Sunday, September 28, 2008

Church, Yesterday and Today


I loved the General Relief Society broadcast on Saturday evening and was riveted, I guess you could say to the speakers, especially President Uchtdorf. I felt he really spoke to me. One of the things he said was, "Those who bring sunshine to others, bring sunshine to ourselves." and paraphrasing his last words were...that we need to look for others to uplift, comfort, and provide service. I took lots of notes during the meeting.

Today, I was first after the bishop, to bear my testimony after an uncomfortable long pause. I thought, "I'm not going up there!" So, I just went there! I spoke how I WAS so overcome by my attendance at the Women's Conference and just a bit about it, I 'm sure I bore my testimony and that's really all I remember.

I felt a bit uncomfortable with myself today, from the time I woke-up. I had some thoughts on my mind about a book I was reading. I got up from sleep, late in the morning, from reading the book. It's hard to quit reading and I stayed up too late. I dressed hurriedly--actually feeling messy, even though I had on a new dress. Okay, my problem: It's Twilight, the book, and you know why. My daughters have all told me to read it and others--both ways, more of the series of Twilight books; and also more people have told me to read it. Not really hard to read, I just felt I wasn't really supposed to be reading anything other than non-fiction, especially on the subject that the book is about.

Makes sense? Not yet, but I'll pull this together.

The girls, my daughter's, want a night out when the movie comes out. They want a movie party with other friends. I've been feeling uneasy about the book and told my youngest daughter, Kiely about it. Kiely said just last night, "Mom, all you need is a bookmark, a list of the characters, and you'll be fine." She didn't understand.

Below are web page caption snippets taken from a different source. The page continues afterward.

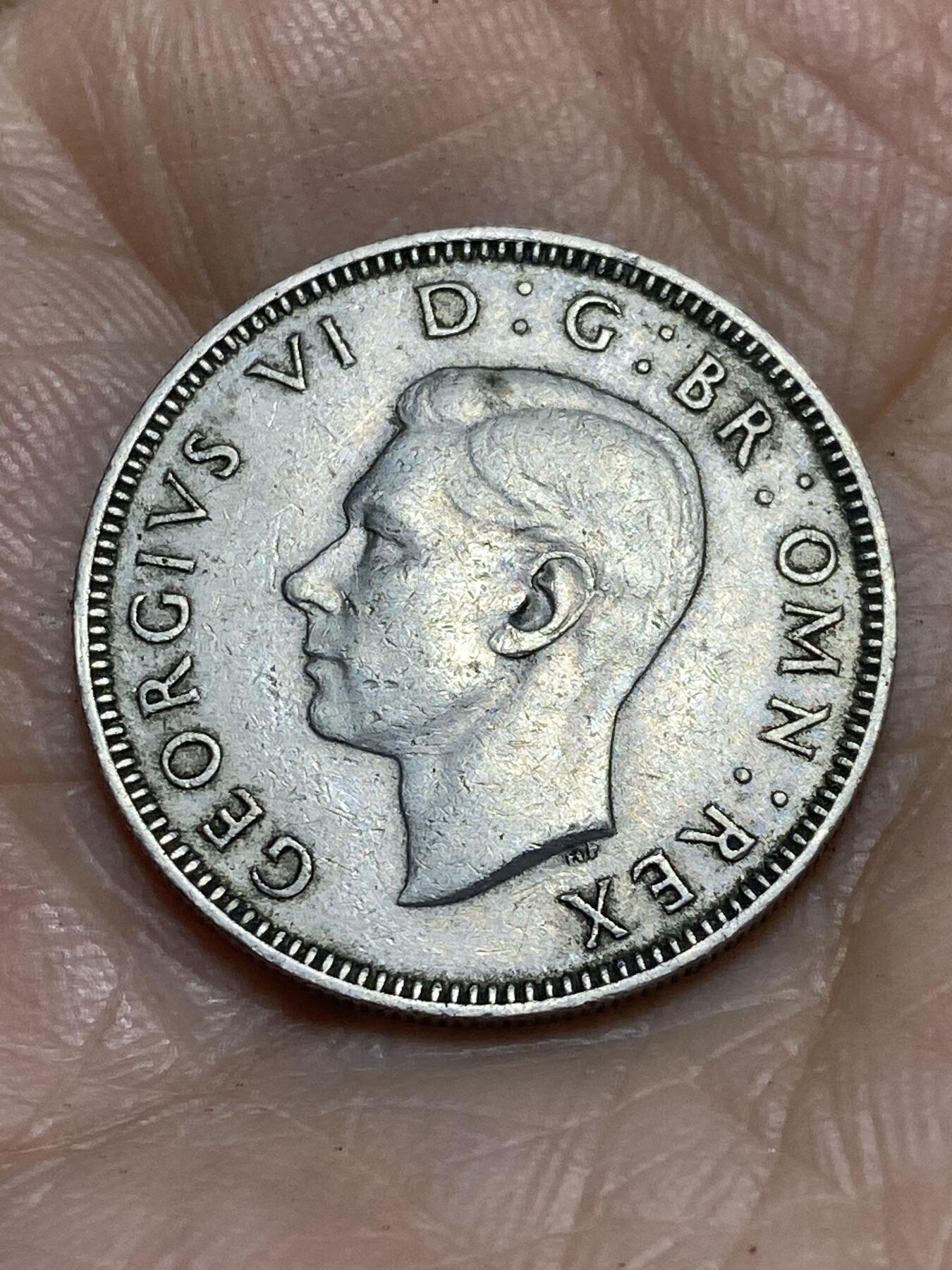 2025年第一百二十一场(总第一百四十七场）外国好品散币(免佣金) 英国🇬🇧1948年1先令(乔治六世第二版，苏格兰坐狮版，关门年仅发行2年)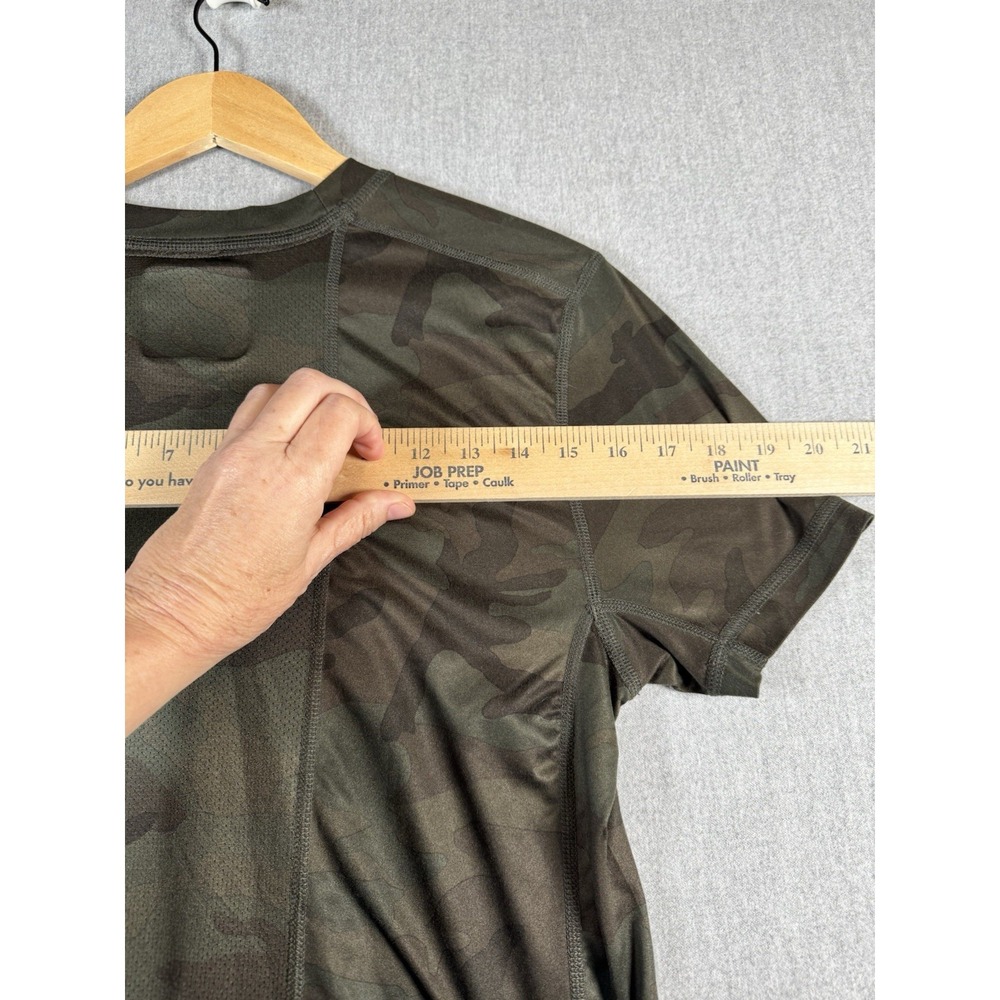 Abercrombie Fitch Camo Athletic Shirt Mens Medium Compression Workout Tee - Picture 13 of 16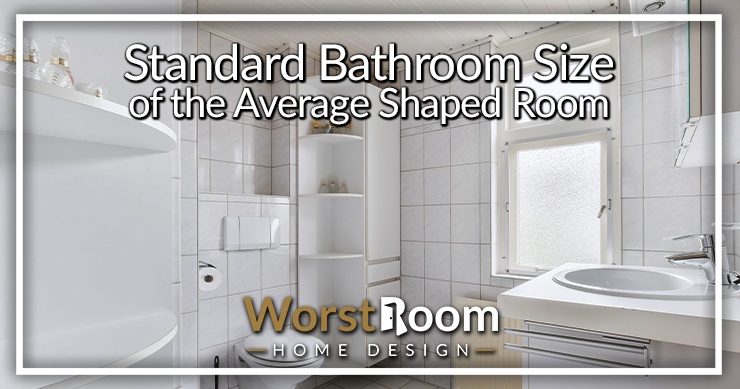 standard bathroom size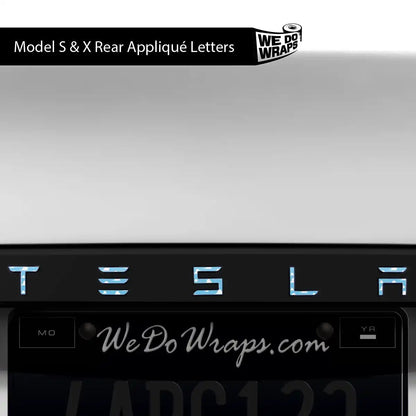 Toy Clouds Tesla Emblem Decals (Front + Back) | Model S - Tesla Emblems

After Sacrament Meeting and the testimonies, Brother Vaughn, he's the brother in the blue shirt, gave me a bookmark he made for me. He has been already following President Uchtdorf's counsel. I didn't have a bookmark, I didn't even know where there was a bookmark in my house, but this kind gesture immediately, I felt, was....it's okay to read non-fiction. He didn't attend the meeting. He was so in touch with the Spirit of losing himself in kindness. I don't have to feel bad or uneasy or unsettled. I watched the Transformers DVD and loved it. There isn't much difference.

Okay, now just after that, I'm wondering toward the door and foyer and "YOUNG" Sherman, who's a senior in high school told me I looked beautiful. I hugged him and then he said, " If you weren't taken, I would ask you to a dance." I was floored. Brother Vaughn just lost his wife recently and here he was giving a present he made with his own hands in answer to my prayers about the book and THEN dear, young Sherman tells me I'm beautiful. Both these Priesthood brethren were in touch with the Spirit to lift me, to teach me, to help me, just as President Uchtdorf had spoken about the night before. I'm changed.

My testimony grew today in many ways.

Some Things Come At You In Very Precious Ways

1 comment:

jenkinsfamliypost said...

is it not amazing how the lord works. we never know what we will need and how we will get it.